Sino-Turkish relations in the Belt and Road era
Tourists ride camels on the Mingsha Sand Dunes during a visit to Crescent Moon Spring on the outskirts of Dunhuang county of northwest China's Gansu province. [Photo/China Daily]
As the traditional termini of the Silk Road, China and Turkey, have much potential for cooperation. In regard to national prosperity, they share the same perspective: Trade brings prosperity, which is why Turkey is an enthusiastic partner in the new Belt and Road Initiative.
From Turkey's perspective, China is already a significant trade partner, ranking in the top 10 with regard to imports. Similarly, Chinese companies have been investing in various infrastructure projects such as major ports. Even though Turkey is only a minor trade and tourism partner -- less than 2 percent of Chinese exports reaching Turkey -- geographically it is a major geo-economical partner, providing secure land and sea access to the European economic sphere.
Despite the favorable economic climate and strong desire to improve trade ties, Turkey presents several unique challenges to Chinese investors, such as political unrest, cultural and religious differences and disparate perspectives on international politics.
In 2015, meeting a representative of a Chinese railway company at a workshop in Beijing on investment in high speed railways, valued at several billion dollars, one of the writers was told the biggest risk in the industry was political risk -- a host government unilaterally cancelling a deal. However, Turkey's president, in seeking closer collaboration with China through a number of agencies such as the Shanghai Cooperation Organization and the Asia Infrastructure Investment Bank, has been following pro-China politics as best as he can.
Recently, the biggest source of conflict in Sino-Turkish relations has been spillover from unrest in the Xinjiang region. Due to shared language and religion, a majority of Turkish people feel strongly connected to the Uygur minority in northwest China, but few understand the realities there.
In the summer of 2015, the Turkish social media was flooded with fake images of racial conflict, that depicted Xinjiang as a war zone, setting off an emotional bomb among right wing nationalists and conservative religious groups. The resulting public rallies and violence against East Asian people was a tragic reminder of the destructive power of social media.
Unfortunately, both Erdogan, who appeals to religious conservatives, and the MHP, the nationalist right wing party in parliament, failed to denounce the violence in the streets.

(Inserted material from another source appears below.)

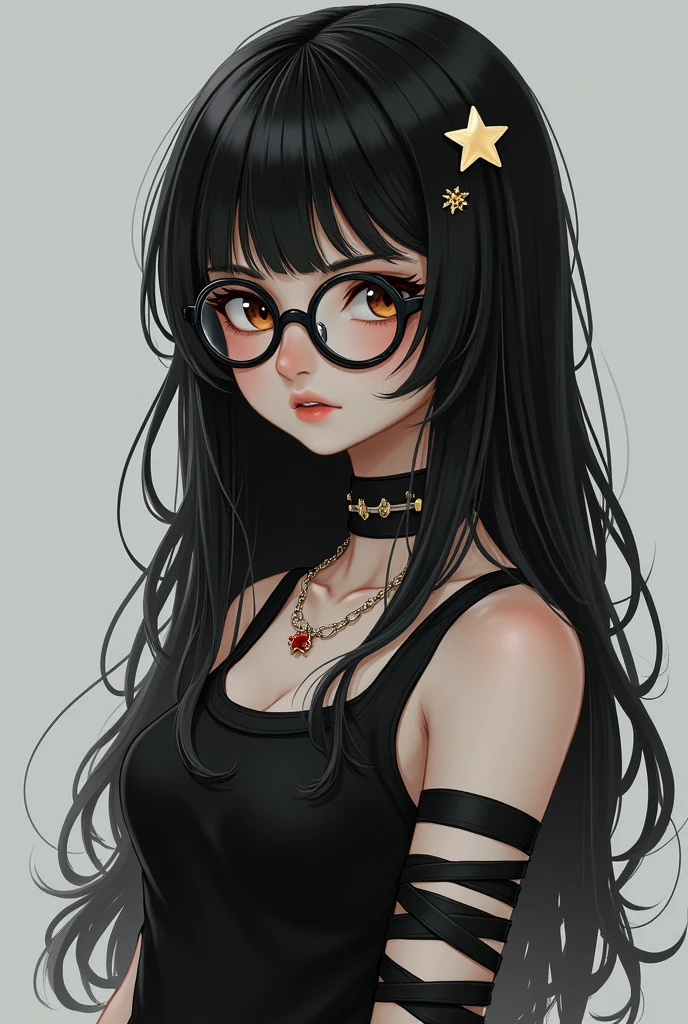 (forgery-v3.0)girl with black hair with bangs wolfcut cut with a star clip brown eyes strong black round glasses full body and with bandages on the arms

Erdogan's visit to China soon after these events, and his reaffirmation of his respects for the territorial integrity of China, was helpful, but the president walks a fine line in trying to enhance ties with China.
The 2015 rallies were not the first time large anti-Chinese protests that took place in Turkey, due to unrest in Xinjiang, and they probably will not be the last. The question is: When President Erdogan finds himself pressed between these two opposing interests, what calculus of internal and external pressures pushed by religion and economic needs will he use? For example: The deterioration of Turkish-Israeli relations because of the Israeli-Palestinian conflict shows how strong religious pressures can be in determining Turkey's economic relations with other countries.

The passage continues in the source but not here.